### AVAILABLE DATA:

══════

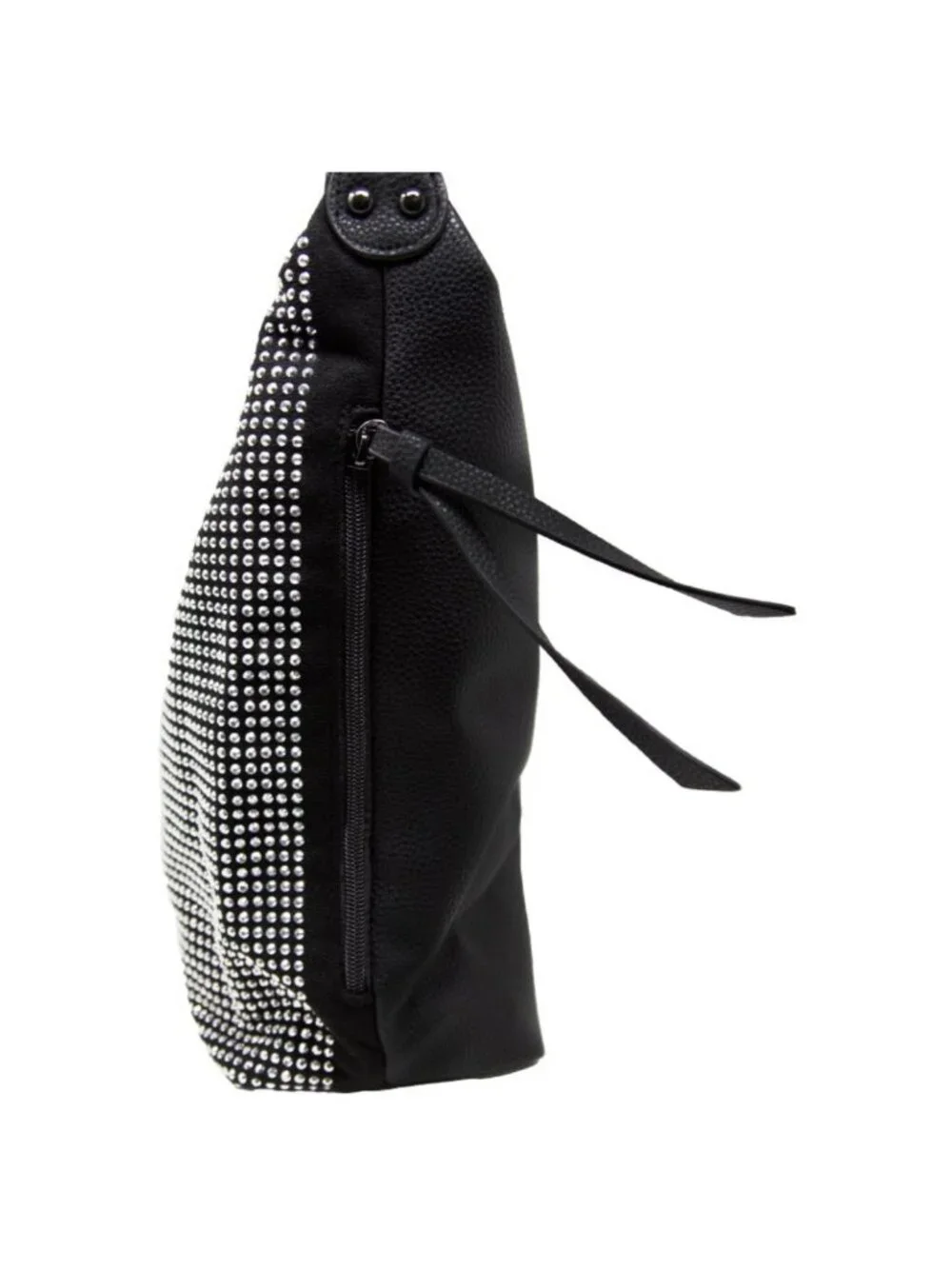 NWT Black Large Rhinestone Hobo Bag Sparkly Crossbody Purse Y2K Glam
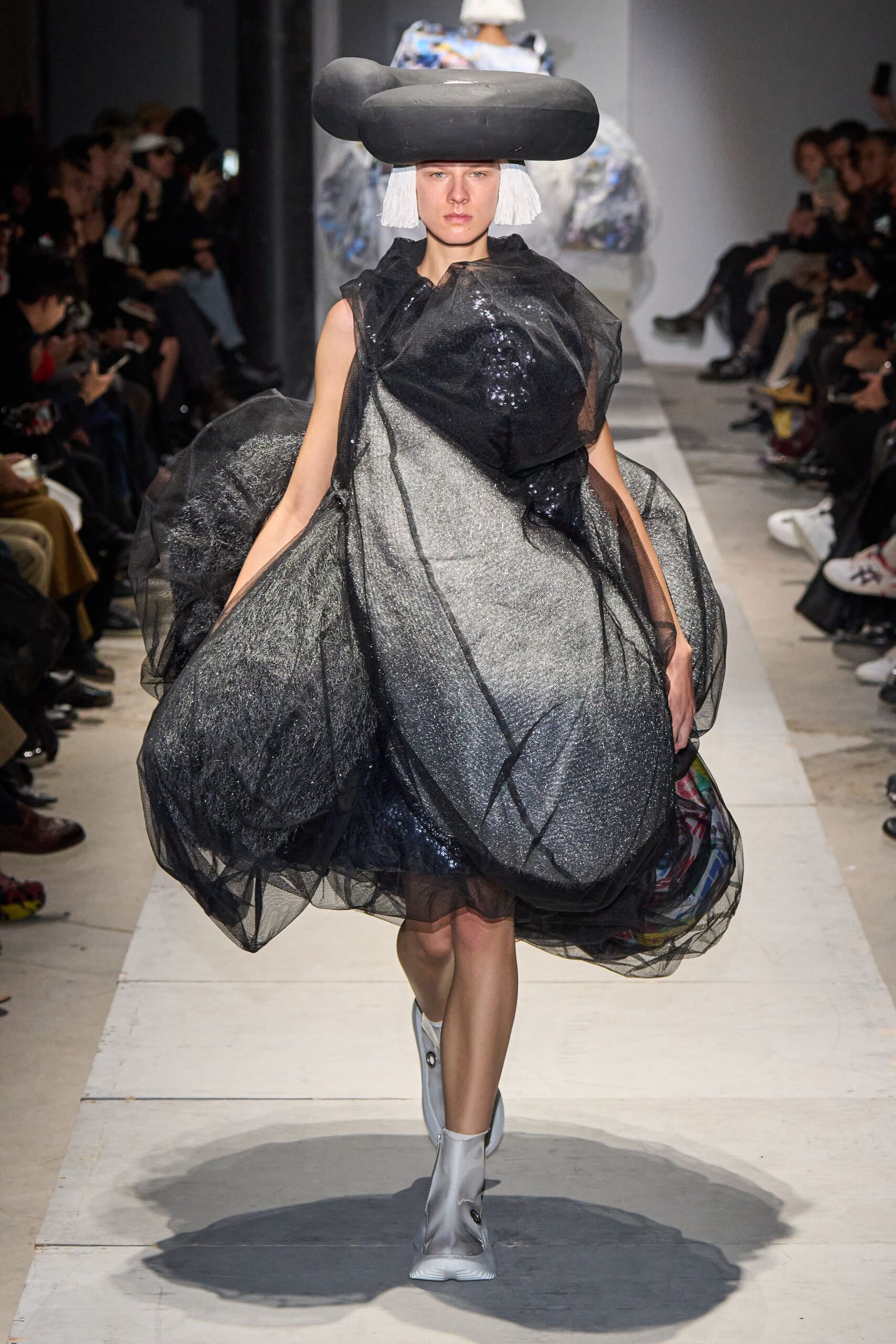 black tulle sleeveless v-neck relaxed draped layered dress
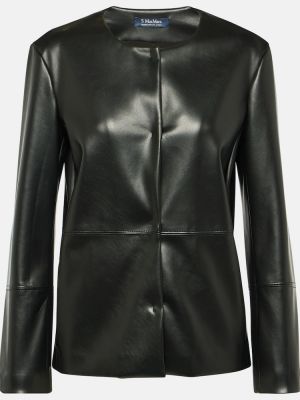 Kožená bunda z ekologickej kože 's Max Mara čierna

══════

Pictures aside, return all of the material exactly as written.

### ANSWER AREA:
 NWT Black Large Rhinestone Hobo Bag Sparkly Crossbody Purse Y2K Glam
 black tulle sleeveless v-neck relaxed draped layered dress
 Kožená bunda z ekologickej kože 's Max Mara čierna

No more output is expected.